Monday 14th of June the news of Microsoft acquiring LinkedIn was breaking all over the global media landscape. I vividly remember the moment, when I was dining at a restaurant in Vietnam and my phone alerted me of the US$26.2bn deal and I got pretty excited since it seemed like Microsoft had done the same assessment as I had in my earlier article about LinkedIn’s Strategy.

On April the 4th, I wrote: “LinkedIn has one of the world’s largest databases of professionals and LinkedIn has collected an unprecedented amount of data, which naturally can be utilized to offer a wide variety of professional service.  Among these services is the Sales Navigator tool that opens LinkedIn to a whole new segment of clients.”

“What investors should assess when valuing LinkedIn is LinkedIn’s move into new and more lucrative customer segments. My belief is that the general perception of LinkedIn as a career portal is heavily mistaken and valuing LinkedIn with that mindset is potentially myopic.”

What I argued in April was that investors were mistaking LinkedIn for a career portal where it really should be assessed as a cloud services company.

Why did LinkedIn swipe right on Microsoft?

LinkedIn is one of tech industry’s most successful executors of the popular freemium business model and has been banking on converting free users to paying premium users. However, the freemium model has limited growth opportunity. LinkedIn has in recent years been transforming its business to become more of a media company, in an attempt to boost ad revenues, which I mentioned as stage 2, in my April article. However, as I wrote, LinkedIn will first become truly profitable when it enters stage 3 and this is where Microsoft comes into the picture.

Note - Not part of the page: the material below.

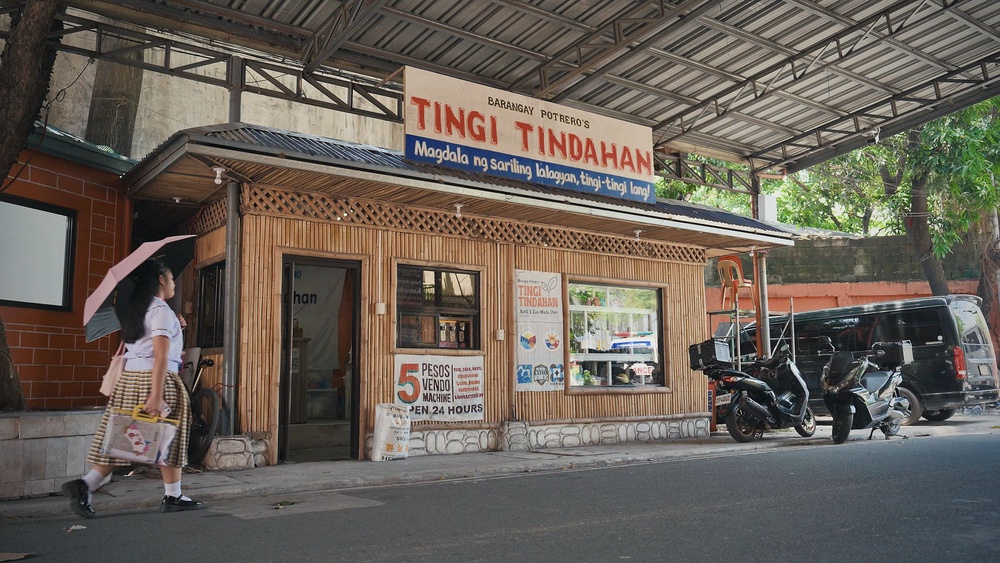 A refill store in Barangay Potrero, Malabon, where local residents buy goods in bulk rather than in single-use sachets (Mother Earth)
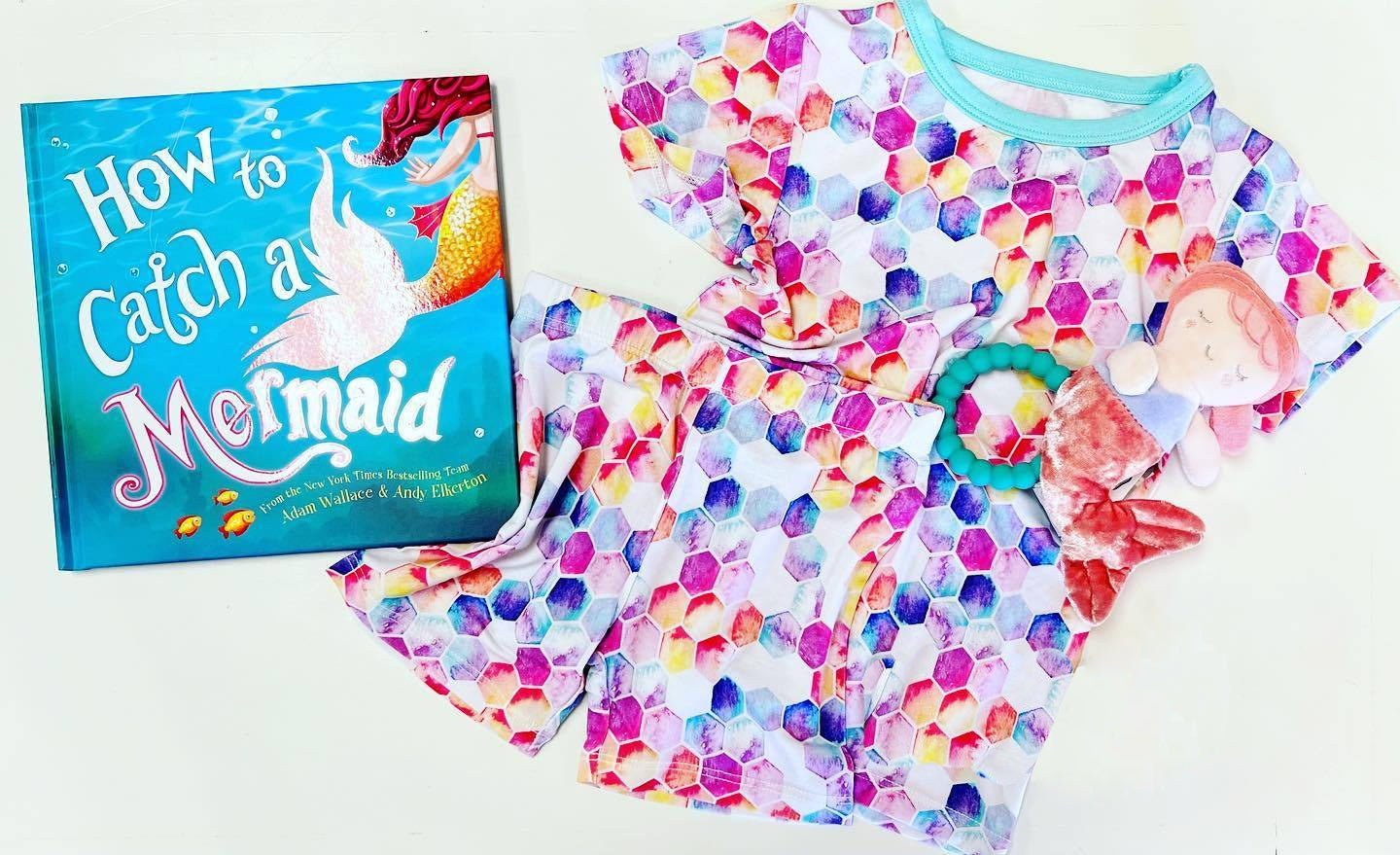 Short sleeves colorful mermaid scale girls summer pajamas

Microsoft is one the world’s largest providers of business software solutions and has an impressive global sales network and millions of clients. LinkedIn has been struggling with meeting its sales targets and is in great need to boost its sales. Furthermore, LinkedIn is sitting on one of the world’s most comprehensive databases of professionals, but hasn’t managed to build professional services around it, that can be monetized in a big scale. Microsoft is however, an expert in monetizing its services and could very well be the ideal partner for LinkedIn to make its business profitable.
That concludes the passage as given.